竹内次男先生(京都工芸繊維大学構内)
春日華栄作品集より

人格は何か液体状のものの上に乾いて、または冷えて出来た膜のようなものという気がします。
地球の大地がマグマの表面に張った薄膜であるように。

 

私は彼の人が死んでしまったのだと知ってその一部を抉り取られた気がしました。

その人は竹内次男先生(写真)。

先生自身の母校でもある京都工芸繊維大学の名誉教授、専門はロマネスク建築、フランス語をはじめ語学堪能、学芸員で自らも抽象画等を描く多才、同大学の美術工芸資料館の礎を築き館長も務め、また日本に於けるポスター芸術の権威でもありました。そんな先生に私は学生の時代からもったいない程に目をかけて頂きました。

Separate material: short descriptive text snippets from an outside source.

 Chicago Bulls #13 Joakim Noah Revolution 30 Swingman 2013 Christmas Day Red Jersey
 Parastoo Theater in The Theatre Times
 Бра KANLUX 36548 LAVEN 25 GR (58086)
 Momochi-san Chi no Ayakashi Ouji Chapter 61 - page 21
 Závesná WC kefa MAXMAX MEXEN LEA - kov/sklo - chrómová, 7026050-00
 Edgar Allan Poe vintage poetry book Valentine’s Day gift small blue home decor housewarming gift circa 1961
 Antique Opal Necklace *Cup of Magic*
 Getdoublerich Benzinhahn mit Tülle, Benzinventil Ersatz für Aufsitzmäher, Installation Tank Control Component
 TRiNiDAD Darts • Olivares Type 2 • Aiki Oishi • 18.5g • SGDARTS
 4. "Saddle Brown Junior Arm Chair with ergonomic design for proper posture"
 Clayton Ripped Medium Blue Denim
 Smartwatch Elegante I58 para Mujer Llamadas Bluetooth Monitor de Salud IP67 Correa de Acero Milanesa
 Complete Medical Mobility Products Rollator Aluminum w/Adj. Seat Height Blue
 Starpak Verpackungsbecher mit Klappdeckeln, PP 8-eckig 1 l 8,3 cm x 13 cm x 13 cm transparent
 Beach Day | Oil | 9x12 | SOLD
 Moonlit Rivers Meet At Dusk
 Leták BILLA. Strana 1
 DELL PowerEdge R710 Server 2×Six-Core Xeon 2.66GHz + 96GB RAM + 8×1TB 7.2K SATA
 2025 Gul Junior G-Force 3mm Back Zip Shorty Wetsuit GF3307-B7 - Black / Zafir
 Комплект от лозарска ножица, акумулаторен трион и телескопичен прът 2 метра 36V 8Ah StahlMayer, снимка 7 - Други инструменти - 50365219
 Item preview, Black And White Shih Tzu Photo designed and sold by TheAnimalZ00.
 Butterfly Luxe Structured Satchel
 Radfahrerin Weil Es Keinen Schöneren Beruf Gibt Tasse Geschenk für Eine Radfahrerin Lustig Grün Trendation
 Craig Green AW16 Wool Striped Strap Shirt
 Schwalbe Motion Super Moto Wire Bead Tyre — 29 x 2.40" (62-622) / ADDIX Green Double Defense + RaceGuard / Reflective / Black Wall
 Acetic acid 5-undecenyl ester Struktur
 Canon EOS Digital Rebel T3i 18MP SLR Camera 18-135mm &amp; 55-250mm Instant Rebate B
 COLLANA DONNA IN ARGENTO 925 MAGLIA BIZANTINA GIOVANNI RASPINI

何度ご一緒にビールを飲みお話しした事でしょう。数えきれません。

気配りの出来ない人は居場所を失う一種暗黙の緊張感のある中で、互いに話の腰をもみ合う(折るのではない)ことを良しとする自由で楽しい集いでした。

できの悪い私は留年時代、手伝いや課題の後、ビールを買い出しに行っては晩に研究室で飲みながらお話しを伺いました。

抉られ失った大地からは言葉にならないものが溢れます。

先生、ありがとうございました。